Tycho and Kepler - Book Review - Astronomical History

Sunday, February 01 2004 @ 11:11 am EST

Contributed by: bobmoody


Tycho and Kepler -The Unlikely Partnership That Forever Changed Our Understanding Of The Heavens
By Kitty Ferguson
Copyright 2002 Walker & Co. New York


Tycho Brahe ranks among the most noteworthy of all the men in history, right alongside Aristotle, Copernicus and Galileo. This book by Kitty Ferguson delves deep into the life of Tyge Brahe (pronounced "teeguh" - his real name before he Latinized it to Tycho) and his Danish ancestry to tell a personable tale of a man obsessed with the night sky. Tycho's life and times provide the reader with so much information about the preCopernican misconceptions of the universe that one has to wonder where mankind would be today if not for this man and his research.

Tycho was born into Danish nobility, yet turned his back on his nobility to pursue his dream of measuring the stars and motions of the planets to an accuracy never before achieved. All of Europe beheld him as a great scientist and thinker while he made his observations from a tiny island just off the northern coast of Denmark known as Hven.

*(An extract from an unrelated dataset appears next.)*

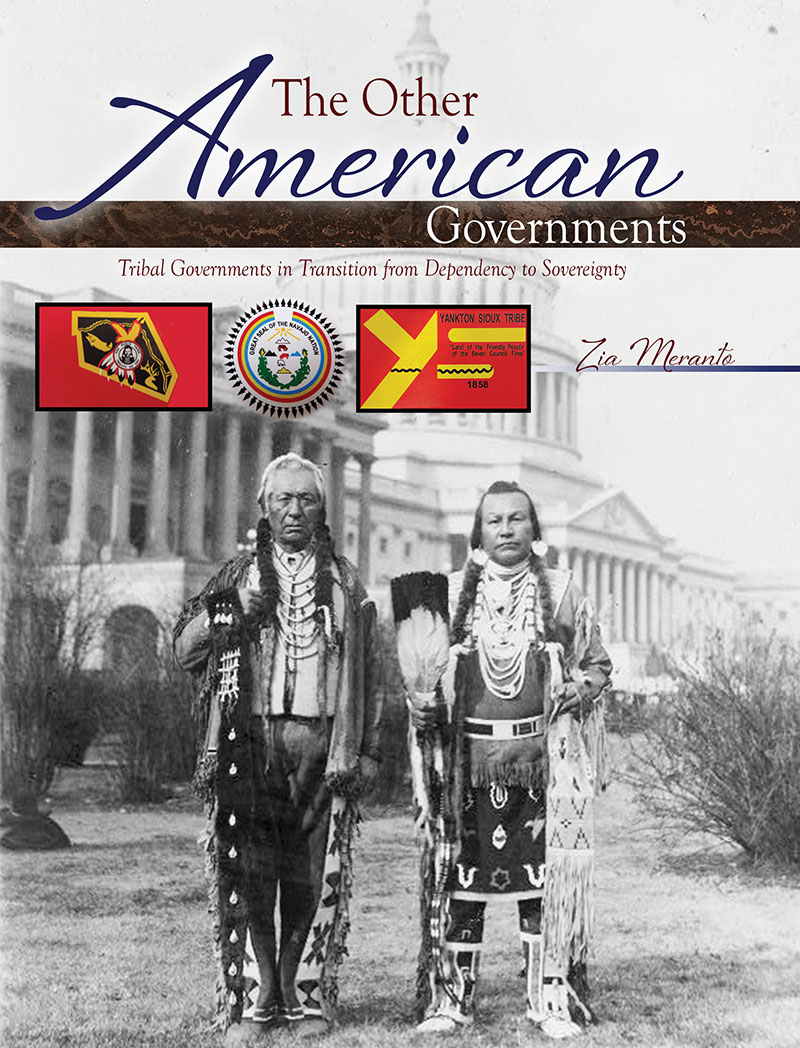 The Other American Governments: Tribal Governments in Transition from Dependency to Sovereignty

There, Tycho constructed a great house which was intricately laid out to the four cardinal directions and incorporated into it a myriad of other connections to the mathematics of the heavens.

He employed craftsmen and artisans from all over Europe to construct the instruments he used to make his observations. Ferguson spent a great deal of time in Europe herself, tracking down the information which brings Tycho to life as a scientist, father, husband and an eccentric human being. Ferguson also reveals the sheer chance connections between Tycho and Johannes Kepler. It would seem that these two men would have never had anything in common, and might never have been brought together in history if not for circumstances which seem to have guided them into a collaboration that literally changed the way mankind sees the universe today.

This book is an easy read, and not only did I eagerly anticipate the turning of nearly every page, I also came to feel like I'd known them both as if they'd lived in our own modern times. I highly recommend this book to all our members.